My morning started at 5:20 a.m. when I woke up with sweat and hot flashes abounding.  Stood up and was a little dizzy so carefully made my way to the bathroom.  Checked my blood sugar ~ it was 59 again!!!  Made my way to fridge and grabbed a 6 oz can of pineapple juice and 3 miniature Reese’s PBCups.  I felt like I couldn’t drink or eat fast enough.  Opened a 4 oz juice box (it tasted nasty so those will be going to little Malachi – the neighbor boy here in the campground), 3 more PBCups and 5 Cherry Jelly Hearts (I know – stop by the candy!!!)  I started feeling better and went back to sleep about 6:40 a.m.  Slept till 9:57 and woke up feeling so much better.  I logged my early morning “breakfast” and now have 1200 calories left for the day ~ my choice is going to be healthy calories, well that is my plan.
Once I was up and ready to go for the day I went for a 1/2 mile walk with hubby.  He wants to walk every day, even on his days off to keep himself limber for work.  Today is day one of his three days off.  I want to get up to where I am walking 2 miles a day or 30 minutes of exercise…I have the Wii Sports, Country Music Dance, a walking video and Biggest Loser so I have the tools JUST need to use them.
 
After our walk hubby worked on some stuff outside the rig and I had my quiet time.  I had to chuckle when I was all done reminding myself God has a sense of humor and knows what I need each day.  Can you see why I was chuckling?
My devotion from The Sanctuary by David Jermiah
Hebrews 13:5
 
And then
 Psalm 143: 5-8
I remember the days of long ago;
    I meditate on all your works
    and consider what your hands have done.
I spread out my hands to you;
    I thirst for you like a parched land. 
 Answer me quickly, Lord;
    my spirit fails.
Do not hide your face from me
    or I will be like those who go down to the pit.
Let the morning bring me word of your unfailing love,
    for I have put my trust in you.
Show me the way I should go,
    for to you I entrust my life.
God was the same yesterday, just like he is today and will be tomorrow.
Because He provided yesterday I have no reason to fear today
And I am not to worry about tomorrow.
I guess the Lord really wants me to remember
He will NEVER leave me NOR forsake me!
As my bestie reminds me quite often “He hasn’t failed you yet!”
One of my personal goals this year, like I have mentioned before is to get healthy!!!  Not just lose weight but to GET HEALTHY!  To be healthy physically, emotionally & spiritually.
Today in Proverbs 1:1-7
(from The Message)

A Manual for Living

These are the wise sayings of Solomon,
    David’s son, Israel’s king—
Written down so we’ll know how to live well and right,
    to understand what life means and where it’s going;
A manual for living,
    for learning what’s right and just and fair;
To teach the inexperienced the ropes
    and give our young people a grasp on reality.
There’s something here also for seasoned men and women,
    still a thing or two for the experienced to learn—
Fresh wisdom to probe and penetrate,
    the rhymes and reasons of wise men and women.

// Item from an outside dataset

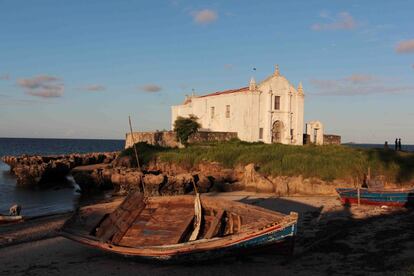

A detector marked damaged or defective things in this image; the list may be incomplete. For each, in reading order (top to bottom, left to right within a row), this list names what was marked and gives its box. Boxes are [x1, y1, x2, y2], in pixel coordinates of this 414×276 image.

peeling paint boat [59, 192, 298, 260]
peeling paint boat [336, 188, 414, 207]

 Start with God—the first step in learning is bowing down to God;
    only fools thumb their noses at such wisdom and learning.
7B is what really jumped out at me “only fools thumb their noses at such wisdom and learning” ~ WOW if that doesn’t say it like it is I don’t know what does.  God’s Word is filled with wisdom –  we, No, I need to pay attention to this.  What a powerful reminder to be in the Lord’s Word every day.  

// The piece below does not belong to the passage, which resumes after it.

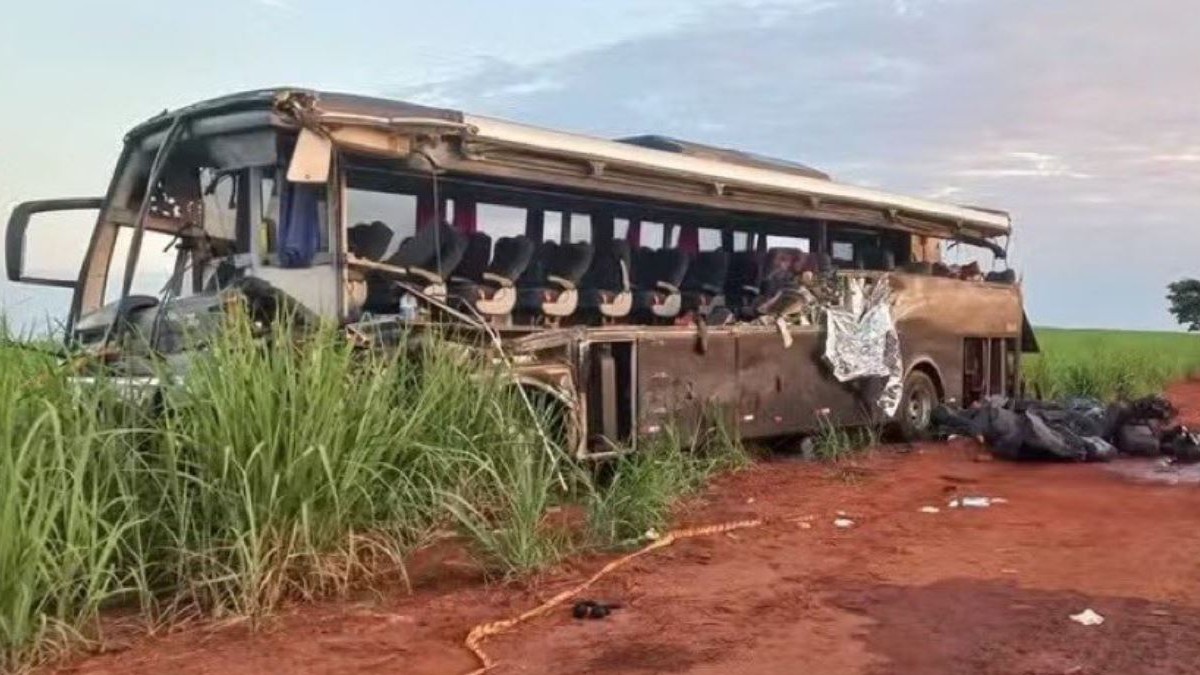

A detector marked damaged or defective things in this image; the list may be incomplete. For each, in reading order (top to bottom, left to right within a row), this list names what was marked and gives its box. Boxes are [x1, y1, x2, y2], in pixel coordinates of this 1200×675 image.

wrecked bus [4, 88, 1032, 454]
dented bus body [4, 87, 1032, 456]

Lord I come to you this morning thanking you for your Word, for telling me to remember the past where you have never let me down and you have always provided for me.  You are my loving Abba and I am so thankful you are my Daddy.

Thank you for sense of humor in showing me not once but twice to remember no matter what You will always be will me.

Lord I lift up Sharon to you today as she got the diagnosis of cancer in her rib.  Lord I thank you that the cause of her pain has been found and it can be treated.  I pray for the doctor’s as they put together the right treatment plan, I pray for Sharon to be strong not just physically but emotionally and keep her faith in you always.  Thank you Lord that she believes and trusts in you.

Lord be with our family and friends in whatever they may face today.  Thank you that today is a new day – a day to do things differently today that we might have needed to do yesterday.    Amen.